In the entries below, find the line with "SHEIN LUNE Plus" and the line with "CH Carolina Herrera"; copy them and every line between them exactly, but not the pictures.

MATERIAL FOR THIS EXERCISE:
********

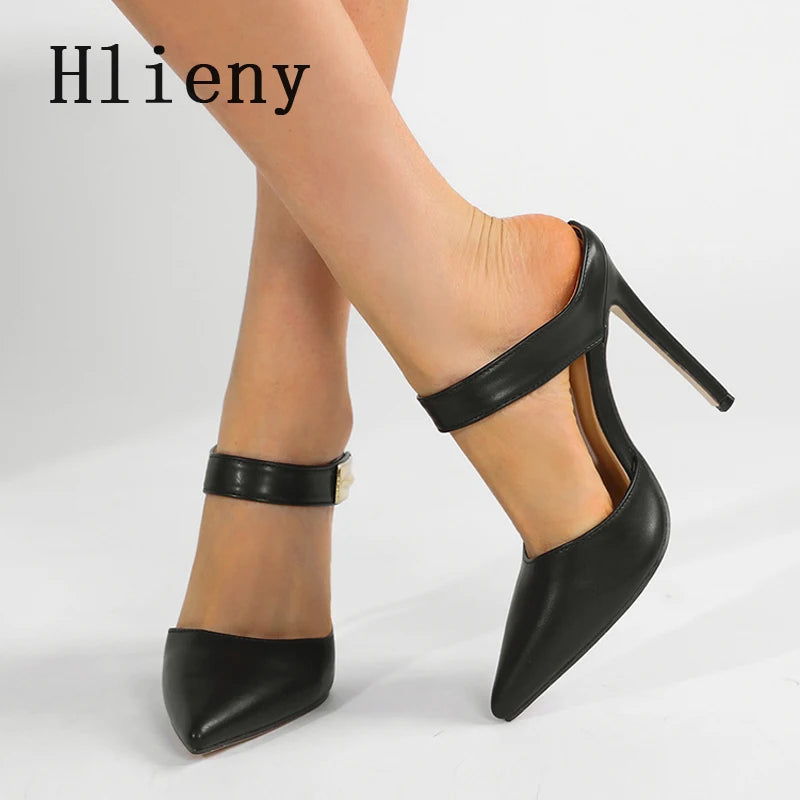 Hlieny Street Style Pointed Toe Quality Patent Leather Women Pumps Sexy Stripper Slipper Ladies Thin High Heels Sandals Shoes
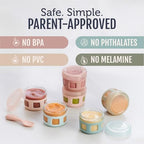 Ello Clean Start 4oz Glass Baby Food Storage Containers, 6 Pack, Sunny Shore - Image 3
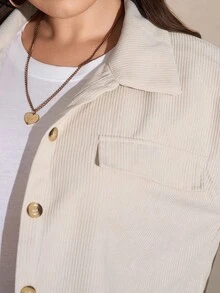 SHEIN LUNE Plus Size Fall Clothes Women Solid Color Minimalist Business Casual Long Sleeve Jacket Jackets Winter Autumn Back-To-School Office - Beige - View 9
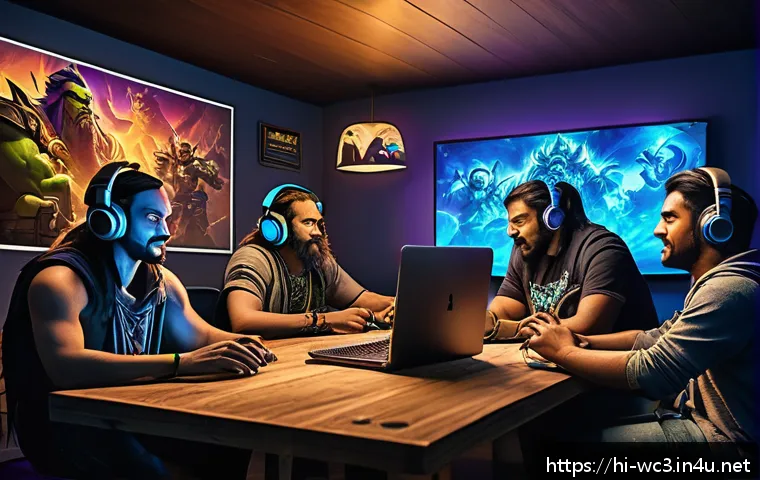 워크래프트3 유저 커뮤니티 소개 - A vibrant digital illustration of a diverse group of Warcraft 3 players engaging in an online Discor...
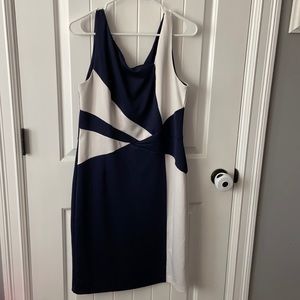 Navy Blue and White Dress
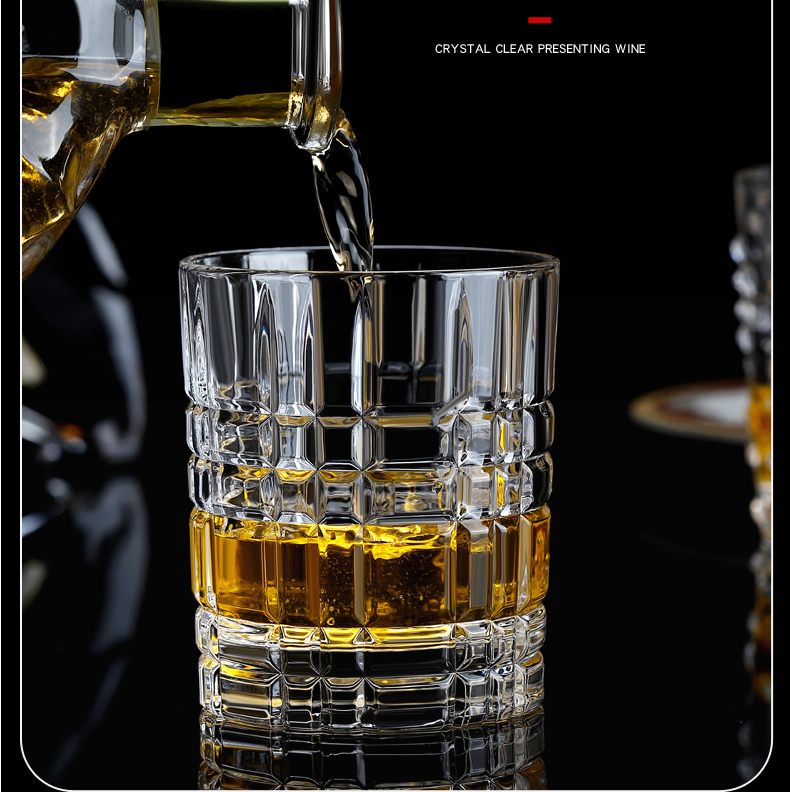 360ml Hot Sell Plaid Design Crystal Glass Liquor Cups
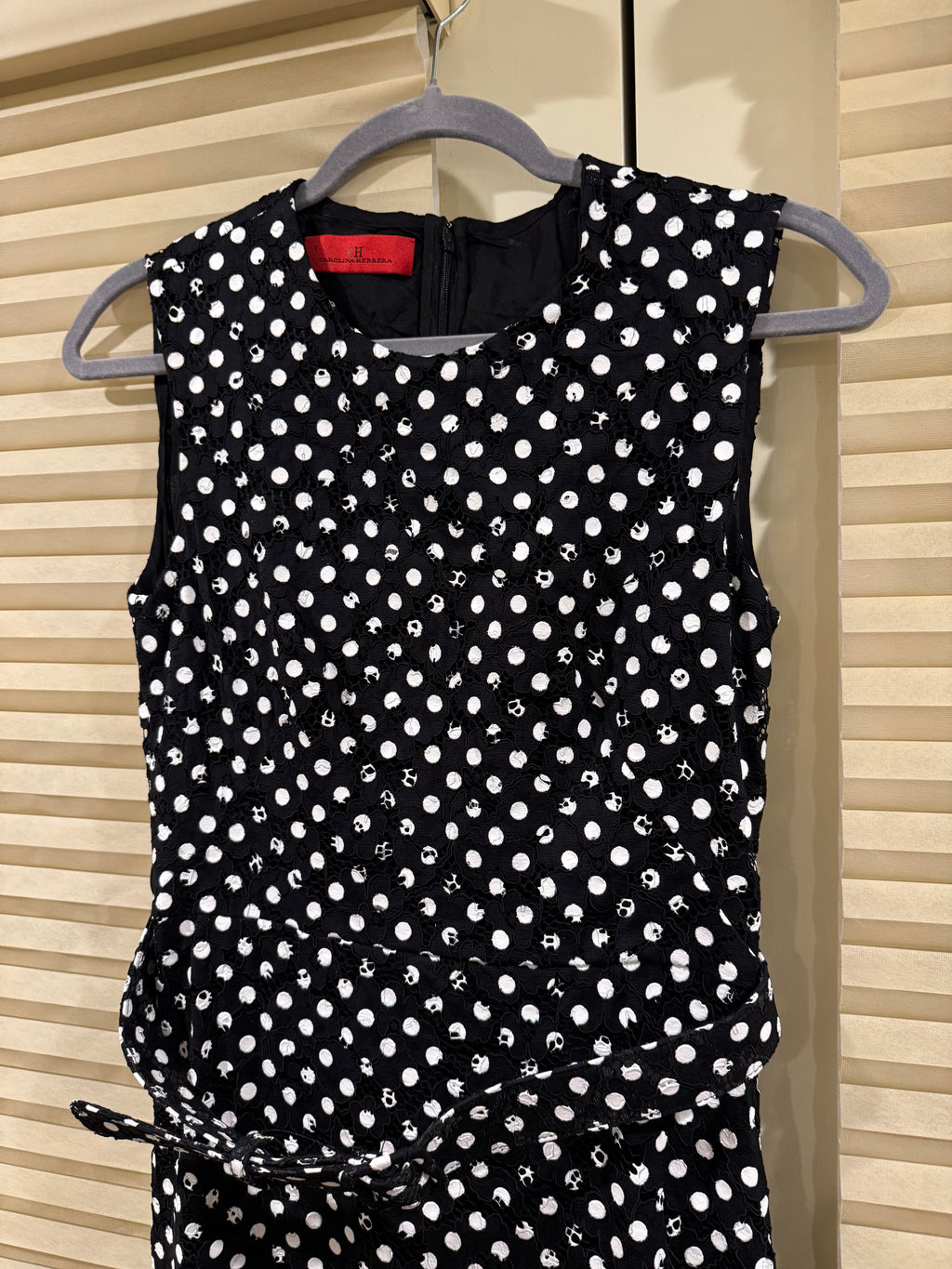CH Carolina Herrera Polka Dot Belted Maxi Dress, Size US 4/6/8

********

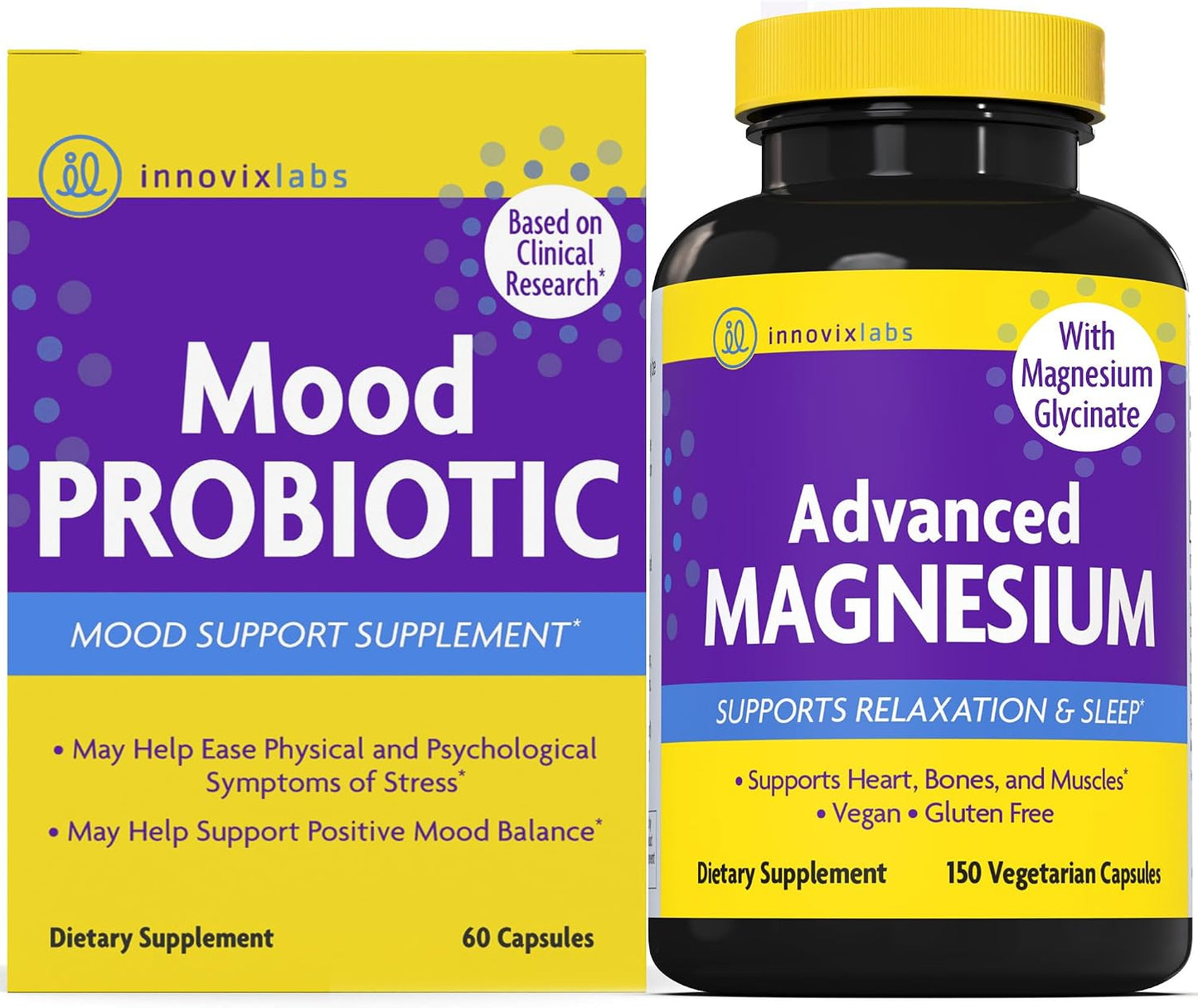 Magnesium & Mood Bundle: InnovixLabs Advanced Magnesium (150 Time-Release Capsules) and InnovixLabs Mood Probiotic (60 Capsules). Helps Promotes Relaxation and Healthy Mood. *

********

RESPONSE BELOW:
 SHEIN LUNE Plus Size Fall Clothes Women Solid Color Minimalist Business Casual Long Sleeve Jacket Jackets Winter Autumn Back-To-School Office - Beige - View 9
 워크래프트3 유저 커뮤니티 소개 - A vibrant digital illustration of a diverse group of Warcraft 3 players engaging in an online Discor...
 Navy Blue and White Dress
 360ml Hot Sell Plaid Design Crystal Glass Liquor Cups
CH Carolina Herrera Polka Dot Belted Maxi Dress, Size US 4/6/8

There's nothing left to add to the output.